(Records from a dataset)
-----

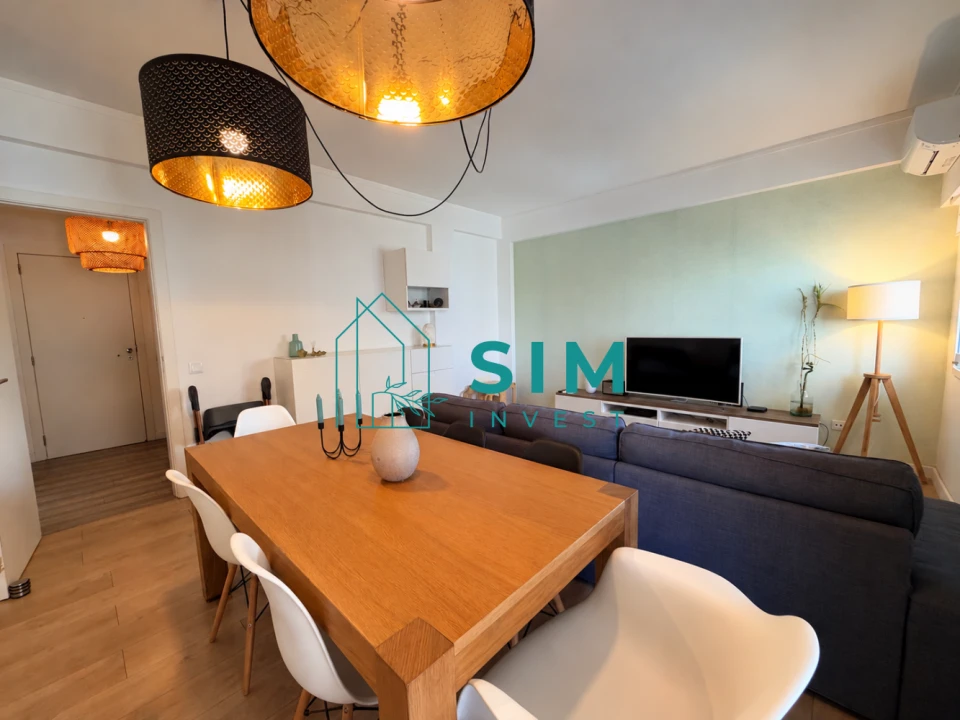 Apartamento T3 para Venda em Faro (Sé e São Pedro) Foto 1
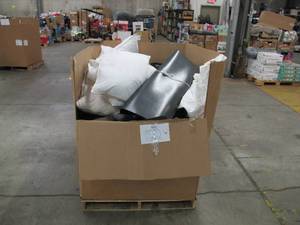 lot 22 image: Pallet of Store Overstock, Damaged Product, and Returns - Home Decor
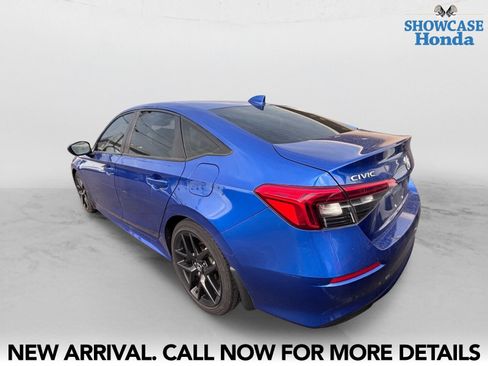 Used 2023 Honda Civic Sport image 4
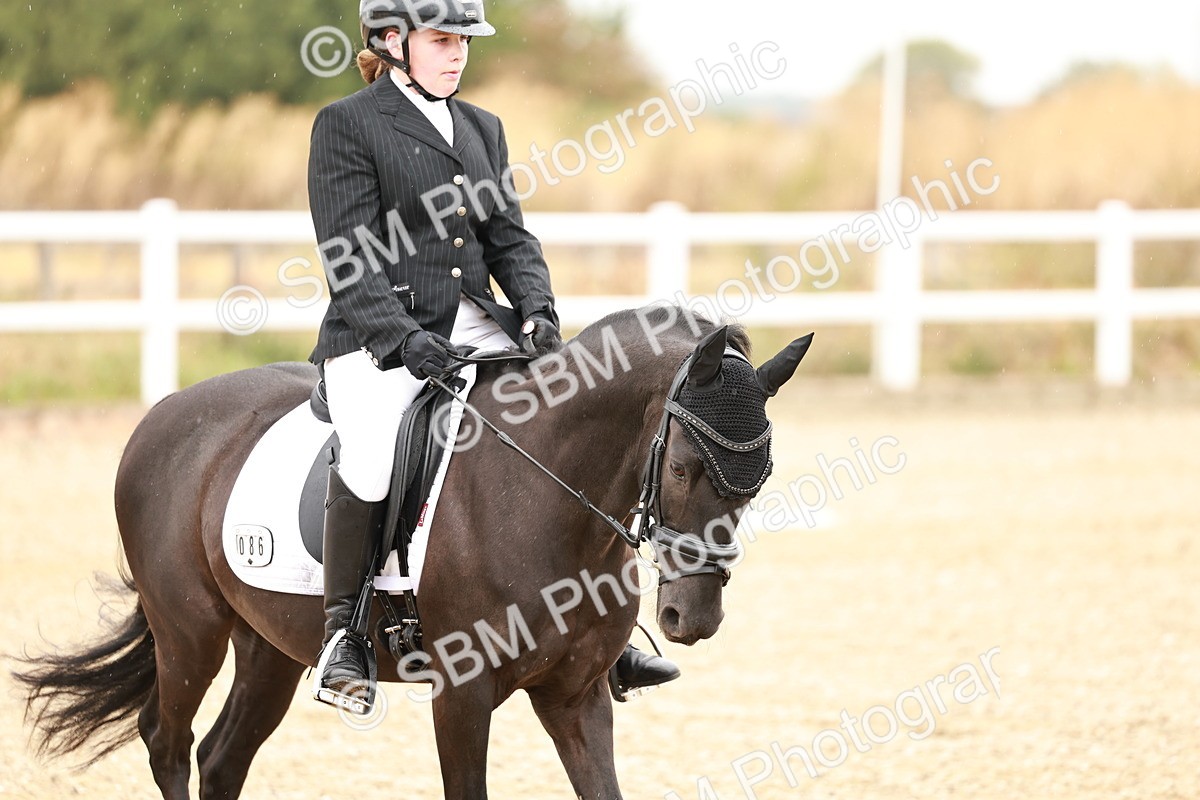 SBM_000110 - Class 1 - Intro 2 Warm Up 9.00-9.35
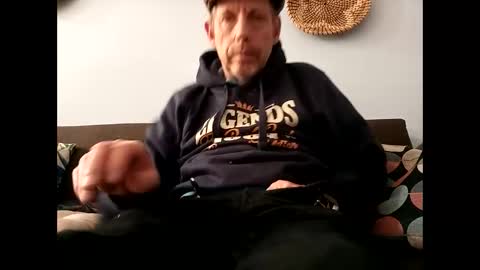 Snapshot of chevy69 chatting on 01-28-25, 10:56 chevy69 online show from 01-28-25, 10:56
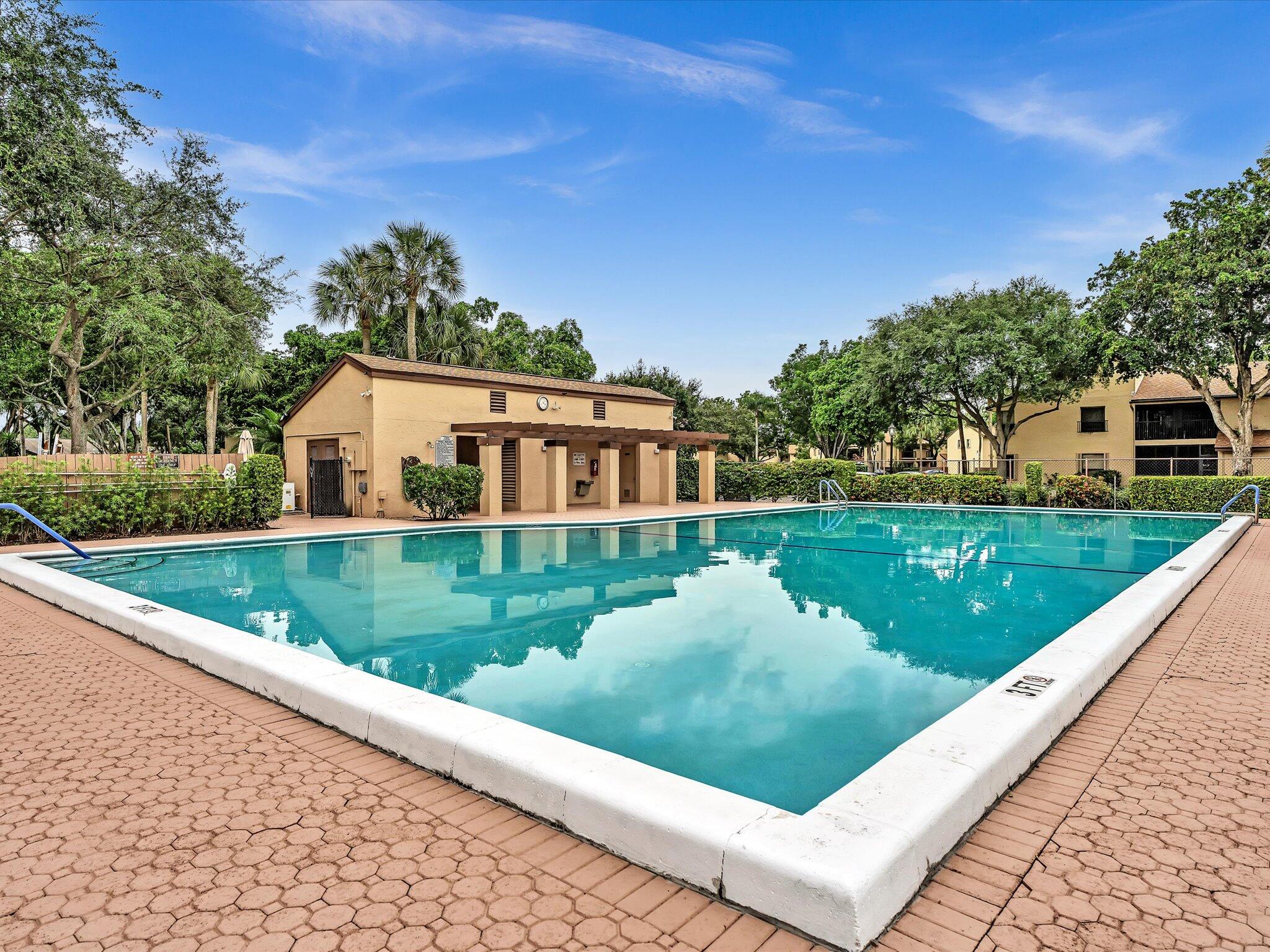 3863 Cocoplum Circle 35108, Coconut Creek Unit: 35108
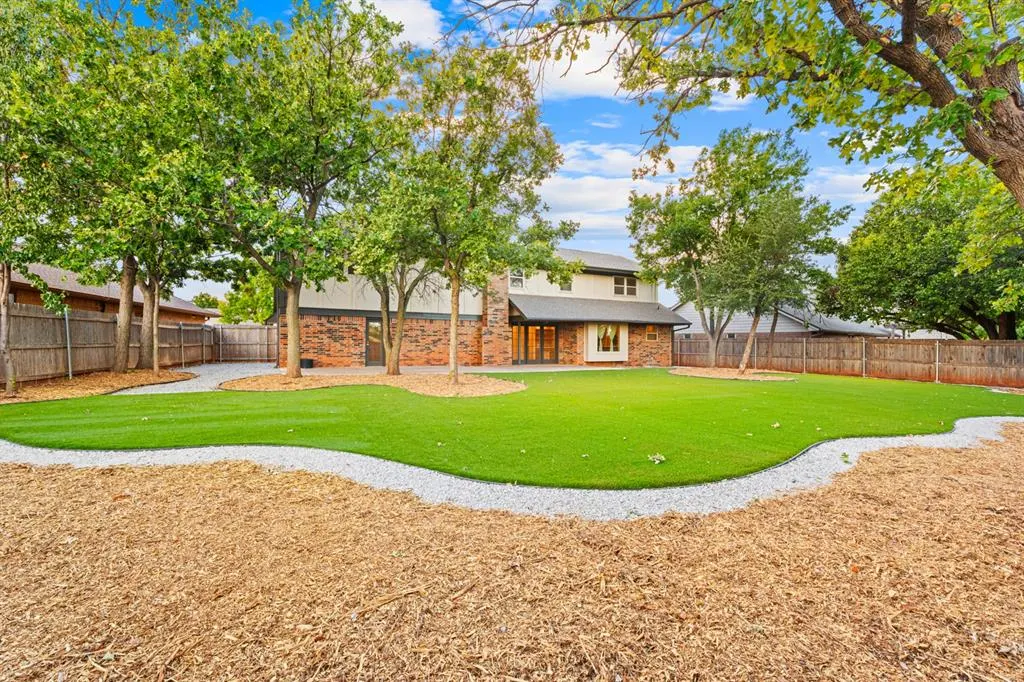 Photo 5 — 13028 Burlingame Avenue, Oklahoma City, OK 73120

-----

WHAT IS BEING ASKED ▸ Start to finish, write out the data above exactly, omitting all pictures.

OUTPUT ▸
 Apartamento T3 para Venda em Faro (Sé e São Pedro) Foto 1
 lot 22 image: Pallet of Store Overstock, Damaged Product, and Returns - Home Decor
 Used 2023 Honda Civic Sport image 4
 SBM_000110 - Class 1 - Intro 2 Warm Up 9.00-9.35
 Snapshot of chevy69 chatting on 01-28-25, 10:56 chevy69 online show from 01-28-25, 10:56
 3863 Cocoplum Circle 35108, Coconut Creek Unit: 35108
 Photo 5 — 13028 Burlingame Avenue, Oklahoma City, OK 73120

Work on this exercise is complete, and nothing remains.